In related news, I actually read/skimmed large chunks of The Wisdom of Crowds whilst browsing during the aforementioned book-buying binge. I concluded that the book itself (as opposed to the publicity, or the vulgarized versions of Surowiecki's thesis that are making the rounds) is not exactly bad, but rather good, yet frustrating. Surowiecki's tackling an important subject. He writes with the fluency and accessibility you'd expect from a New Yorker writer. The book recounts many fascinating anecdotes, and it even lays out a set of criteria for organizing "wise crowds" that's sensible and convincing (though stated too vaguely for my tastes). But these strengths make the book's failures all the more disappointing. Each chapter contains at least a few things that get my ersatz-scientist hackles up: an overgeneralization from meager data, or an incomplete and vague summary of a more systematic study, or an example cherry-picked to support his point without adequate treatment of counterexamples [1]. The best ideas in Surowiecki's book aren't new, and the intellectual frame he puts around them often adds little [2]. Lastly, and perhaps most importantly, as Shalizi writes in the post linked above, although Surowiecki does give a nod to the difficulties of crowd organization, in general he does not place enough emphasis on it.

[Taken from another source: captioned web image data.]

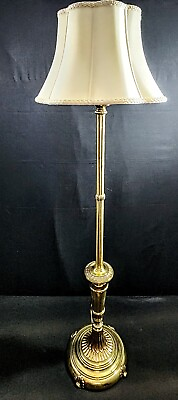 #ad Massive Stiffel Solid Brass Floor Lamp Gorgeous Color Original Shade amp; Final $1439.99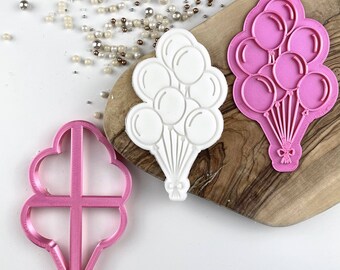 Birthday Balloons Cookie Cutter and Stamp, Happy Birthday Cookie Stamp, Birthday Celebrations, Birthday Cookie Embosser, Postal Box Ideas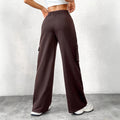 C2-72806# cross-border foreign trade women's fashion ins pure color drawstring elastic waist casual workwear pants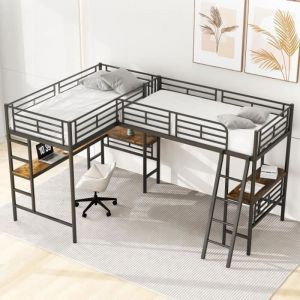 Lit Superposé 90x200cm Table Sous Le Lit Enfant Escalier Double Garde-Corps Haut Lit 2 Personnes,Noir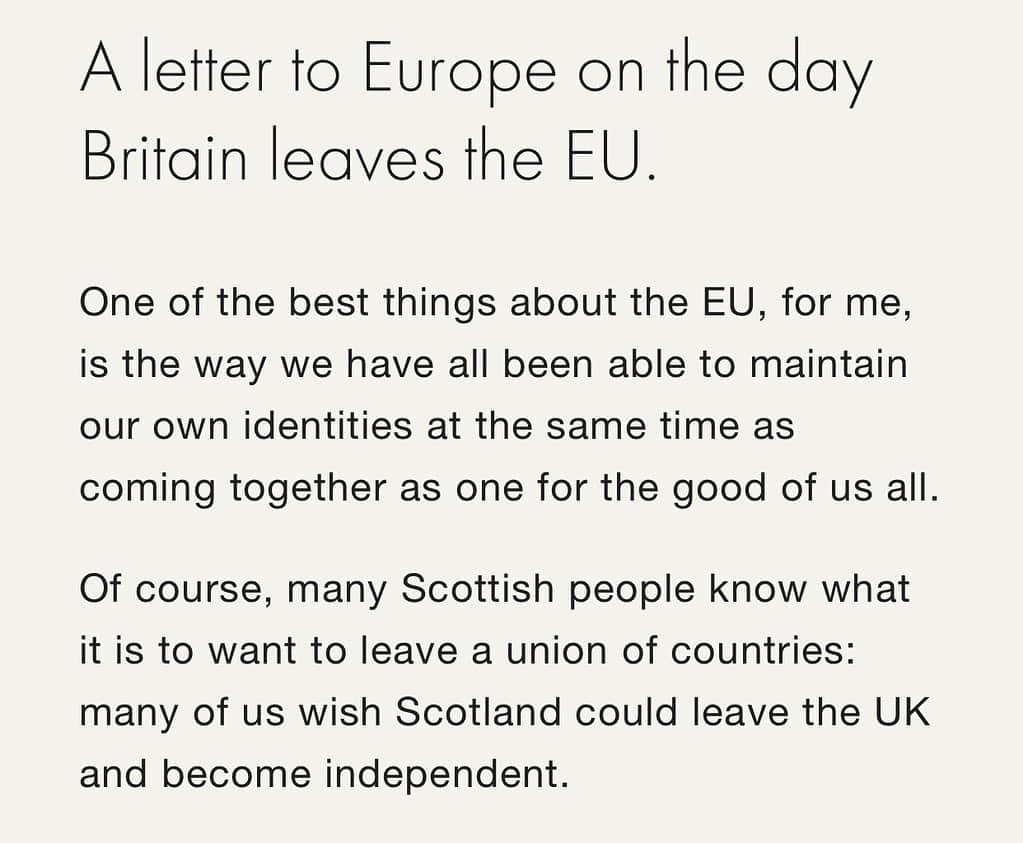 アラン・カミングさんのインスタグラム写真 - (アラン・カミングInstagram)「A Letter To Europe On The Day Britain Leaves the EU  #ScotlandLovesEU #LeaveALightOn」1月31日 18時24分 - alancummingreally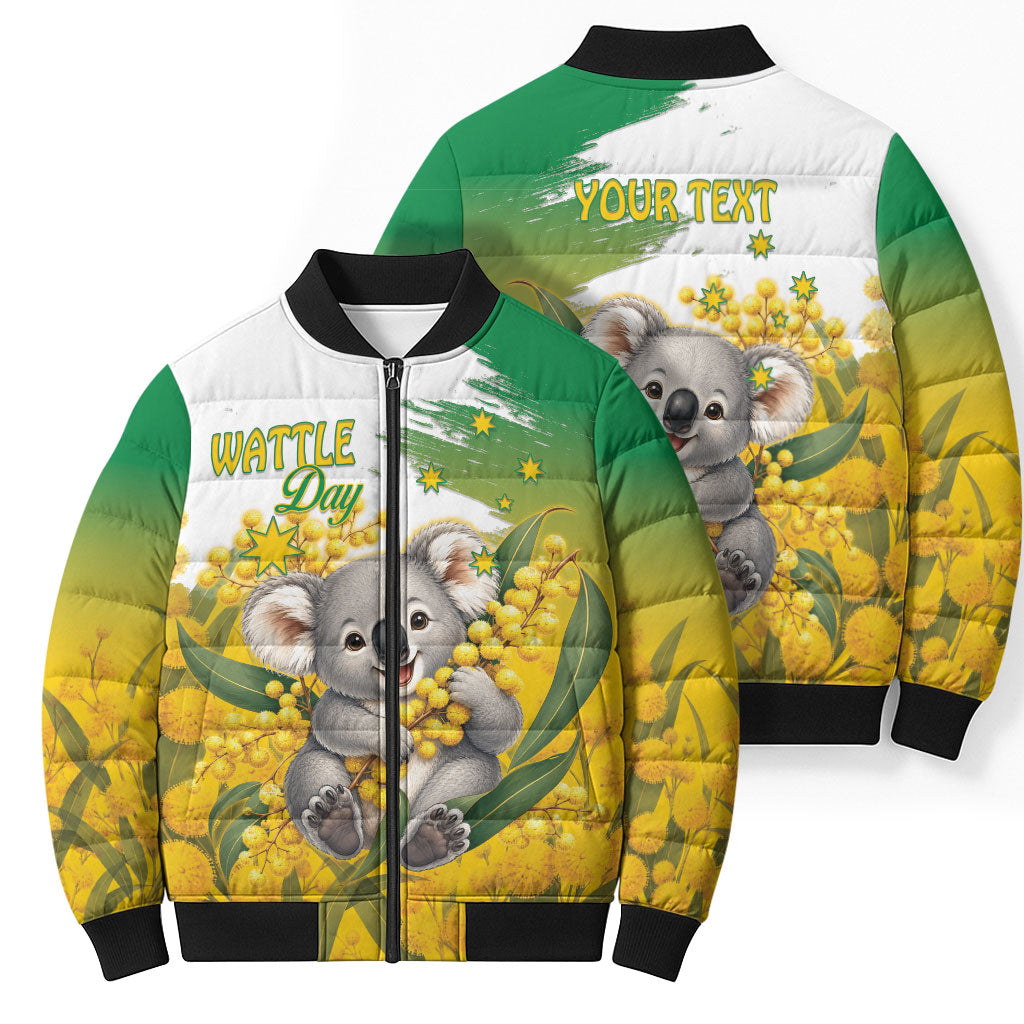 Australia Wattle Day Personalised Bomber Puffer Jacket Acacia Pycnantha Cute Koala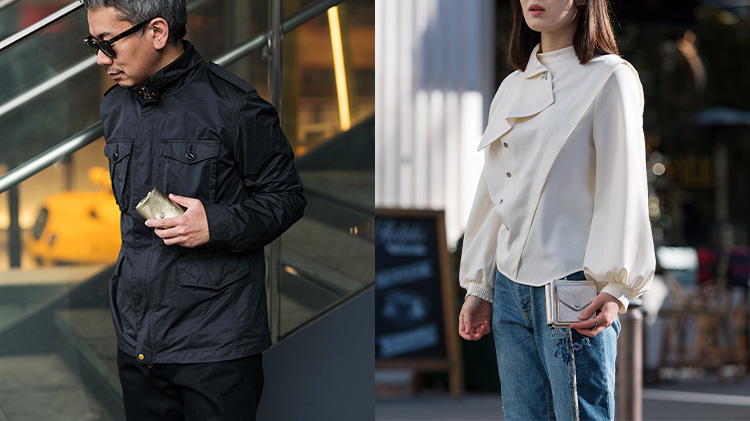 【TRIALOGUE STUDIO】オリジナルメタリックレザーウォレット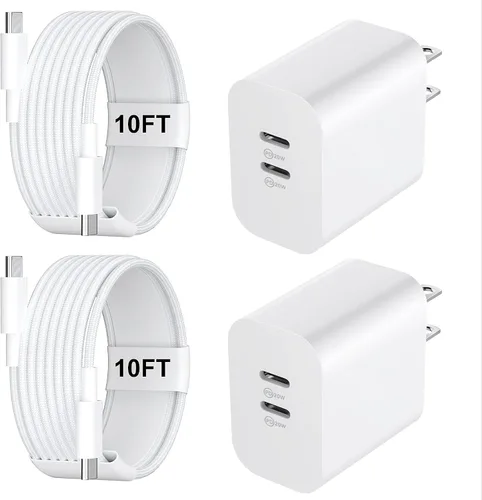 Vista 13 de Cargador para teléfono 15/16/17 Pro Max de carga rápida, bloque de carga USB C de doble puerto de 20 W con cable de carga USB C a C de 6.6 pies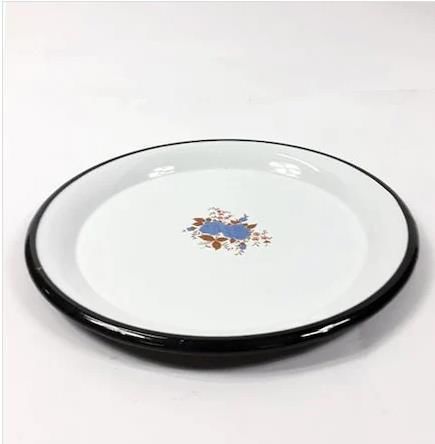 Mini Emaye Sini 29x29cm Nostaljik Çiçekli Emaye Tepsi Sığ Kenarlı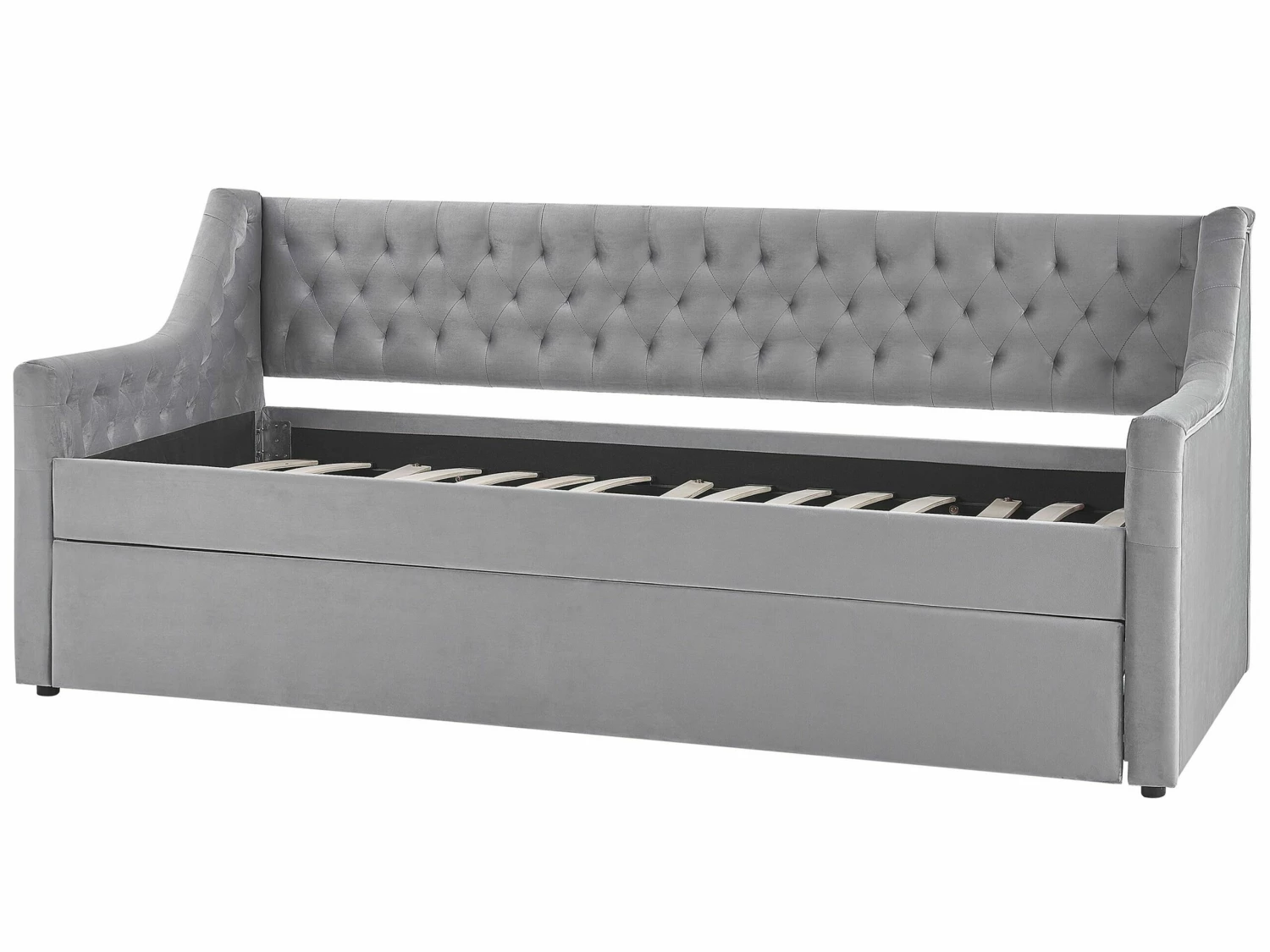 Velvet EU Single Trundle Bed Grey MONTARGIS 6 Velvet EU Single Trundle Bed Grey MONTARGIS - Image 6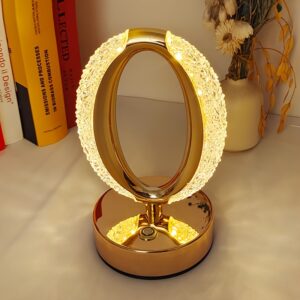 lampe de bureau nordique moderne minimaliste créative romantique en cristal avec chargement, interrupteur tactile, variation continue à trois couleurs, convient pour la décoration intérieure de chambre et de salon.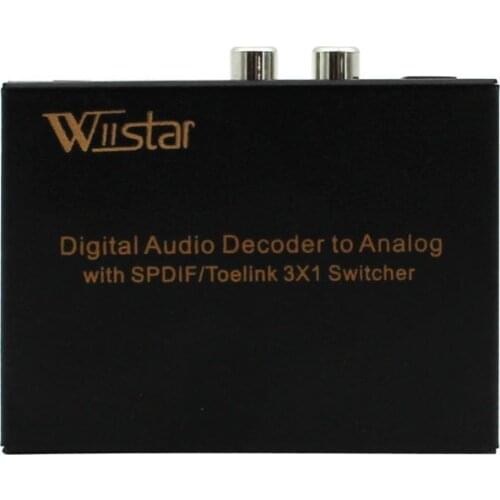 Wiistar Digital Audio Decoder to Analog With SPDIF/Toslink 3X1 Switcher Support real 5.1 audio decoder, optical fiber input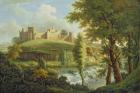 Ludlow Castle with Dinham Weir, from the South-West, c.1765-69 (oil on canvas)
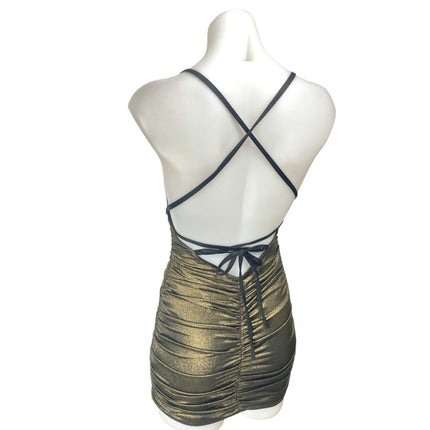 Lucy in the Sky Gold Metallic Shimmer Ruched Cami Camisole Mini Bodycon Dress XS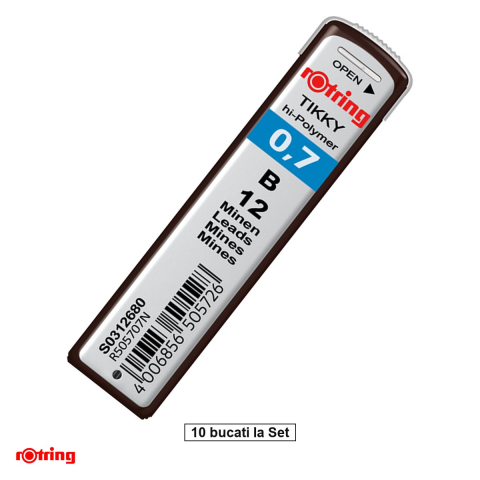 Birotica papetarie - Set 120 mine creion 0.7mm B cu Rezistenta Extra la Rupere, pentru Scriere Confortabila si Desen Versatil, in Etui Protector Rotring, 10 etuiuri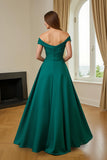 Verde Escuro A-Line V-Neck Ruched Long Mãe do Vestido da Noiva com Folhos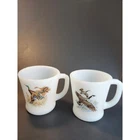 Fire King  Vintage Milk Glass Set Of 2 Coffee Mugs Cups Gamebirds Duck Goose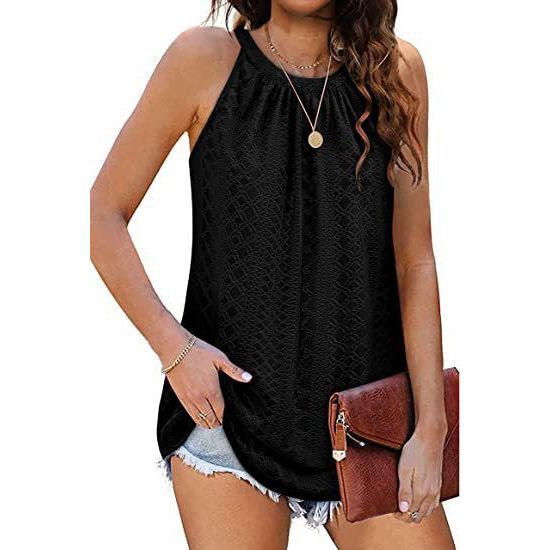 New Women's Vest Shirt Loose High Collar Sleeveless Hollow Top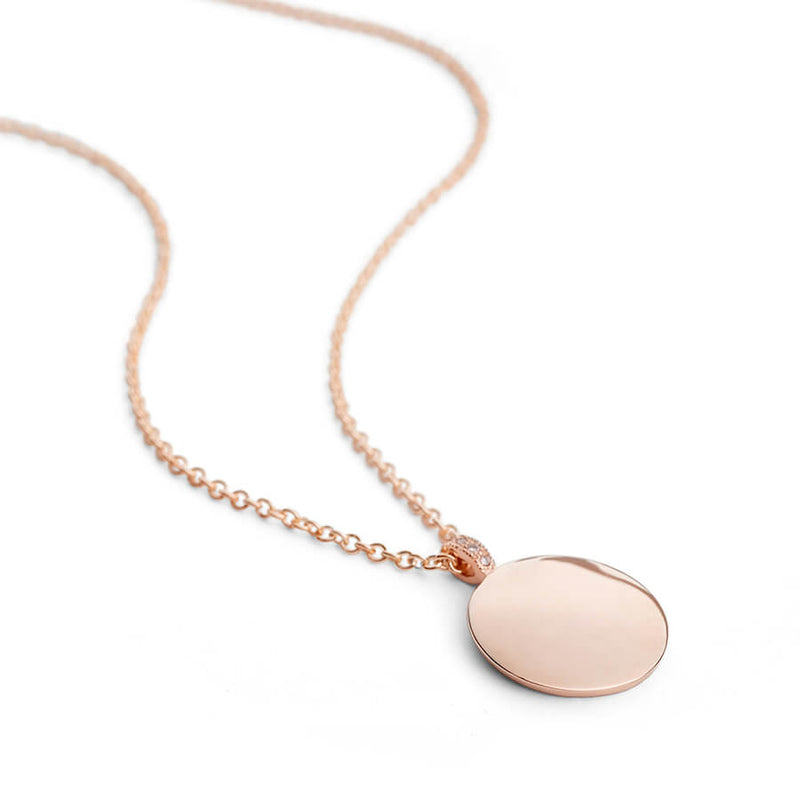 Solid Rose Gold Disc Necklace
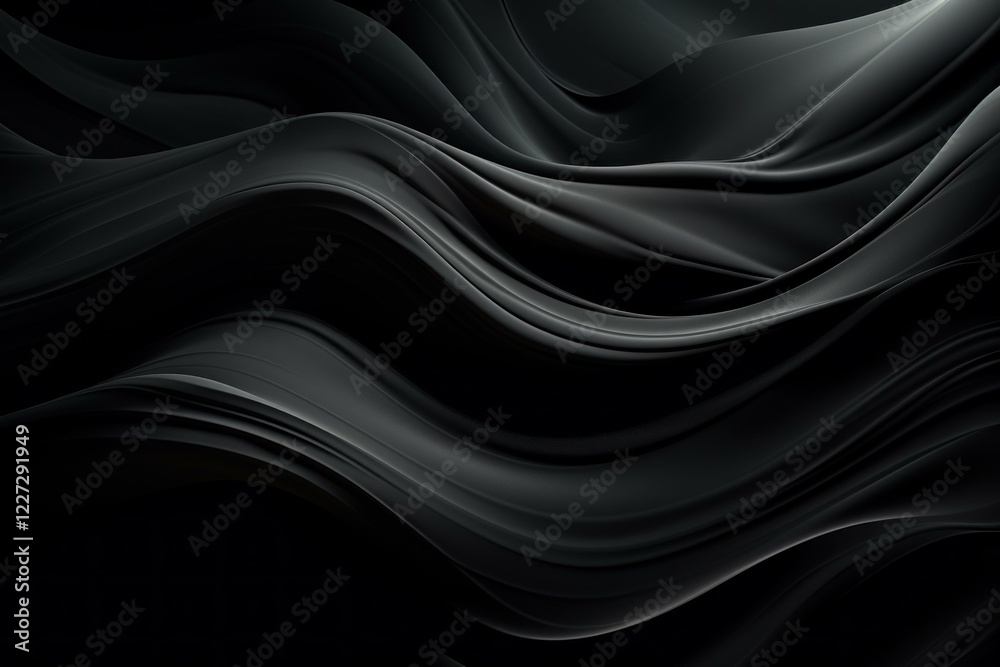 Wall mural Dark and elegant abstract background featuring flowing black satin fabric, creating a luxurious and sophisticated visual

My guess, therefore, is that readers genuinely interested in the ideas Surowiecki discusses would be better off reading the primary sources in Surowieki's acknowledgments. I don't have a copy handy, and I regrettably forgot to scribble them down. Oh well. Next time I'm in a bookstore...

Bonus link: Radio National interview with Surowiecki.

[0] At the Cherry Creek Tattered Cover in Denver, last week, while visiting a friend; the bargain shelves should be labeled with warnings for compulsive verbivores.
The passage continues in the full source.